Konzentrierte Bühnenkunst

Peter Hacks' letzte Dramoletts

Von Kai KöhlerRSS-Newsfeed neuer Artikel von Kai Köhler

Besprochene Bücher / Literaturhinweise

Peter Hacks, der im vergangenen Jahr verstorbene Meister der großen dramatischen Form, hat sich ganz untypisch von der Bühne verabschiedet, die in den letzten Jahren immer weniger von ihm aufführen wollte: mit drei Dramoletts, die nun in einem schmalen Band versammelt vorliegen. Die Kurzform mag auf den Zustand des schwerkranken Autors zurückgehen, der nicht mehr wusste, ob er ein größeres Werk würde beenden können. Vor allem aber entspricht die Verkleinerung dem Zustand der "Jetztzeit"; mit diesem Titel überschrieb Hacks einen Abschnitt seiner gesammelten Gedichte und bezeichnete so eine Welt nach der Zerstörung des Sozialismus, in der es nurmehr Gegenwart und keine Hoffnung auf einen gesellschaftlichen Fortschritt mehr zu geben scheint. Zu geben scheint: In seinen letzten Lebensjahren wies Hacks immer wieder auf Krisensymptome im Kapitalismus hin und äußerte die Hoffnung, die "Jetztzeit" könnte bald überwunden werden.

Die Dramoletts bewegen sich in dem Spannungsfeld von zuweilen forcierter Zukunftshoffnung und Verlusterfahrung, und die Vermittlung zwischen den Polen wird zum Problem. Dies Problem ist es wert, genauer untersucht zu werden; dass Hacks sich ihm stellt, statt, wie es heute von Literatur erwartet wird, Geschichte allenfalls im Privaten gespiegelt zu beschreiben, macht die Lektüre selbst seiner Nebenwerke produktiv.

"Der Parteitag" ist das optimistischste der Dramoletts. Eine "Partei der Sozialvisionären Wiedergeburt", leicht als PDS zu dechiffrieren, scheint durch die Fixierung auf politische Mitte und Kompromissbereitschaft gelähmt. Der Parteitag eine einzige Absurdität, der Vorstand intrigant und mehrheitlich vor allem darauf bedacht, nur nicht für revolutionär gehalten zu werden - das ist eine Gelegenheit für Hacks, die Anpassung reformistischer Linker in pointierten Dialogen bloßzustellen. Der Umschwung am Ende ist dann als Theatercoup gut, als politischer Beitrag dünn: Die Delegierten jubeln der Tochter des ehemaligen Parteichefs "Erich Ostertag" zu, die jeglichem Revisionismus eine Absage erteilt und mit einem Bekenntnis zum Bolschewismus wohl neue Parteivorsitzende wird.

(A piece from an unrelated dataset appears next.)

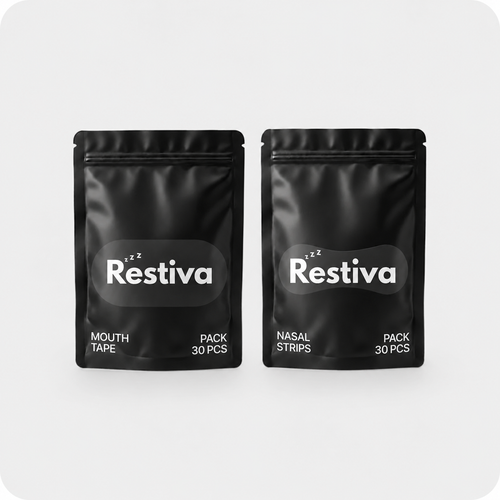 Restiva Nasal Strips + Mouth Tape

Das Problem ist hier nicht Hacks' politisches Programm; schaut man sich das Tempo an, in dem gerade unter sozialdemokratischer Regierung der Unterschied von Arm und Reich wächst, so ist das Entstehen einer neuen radikalen Linken nur eine Frage der Zeit. Die Schwierigkeit liegt in der Umsetzung: Der Jubel der bislang falsch Geführten, als sei der Fehler nur ein Fehler der Chefs und nicht auch der des Bewusstseins der Parteimehrheit sowie der Interessenlage einer Funktionärsschicht, deren Leben mit Landtagsmandaten, Bürgermeister- und gar Ministerämtern bei einer Wendung zum Radikalen durchaus ungemütlicher würde. Dass sich am Ende eine Art Familiendynastie abzeichnet, bringt die Kleinform in unnötige Nähe zum Königsdrama, dessen Zweckmäßigkeit für das prachtvolle, große Stück Hacks überzeugend begründet hat.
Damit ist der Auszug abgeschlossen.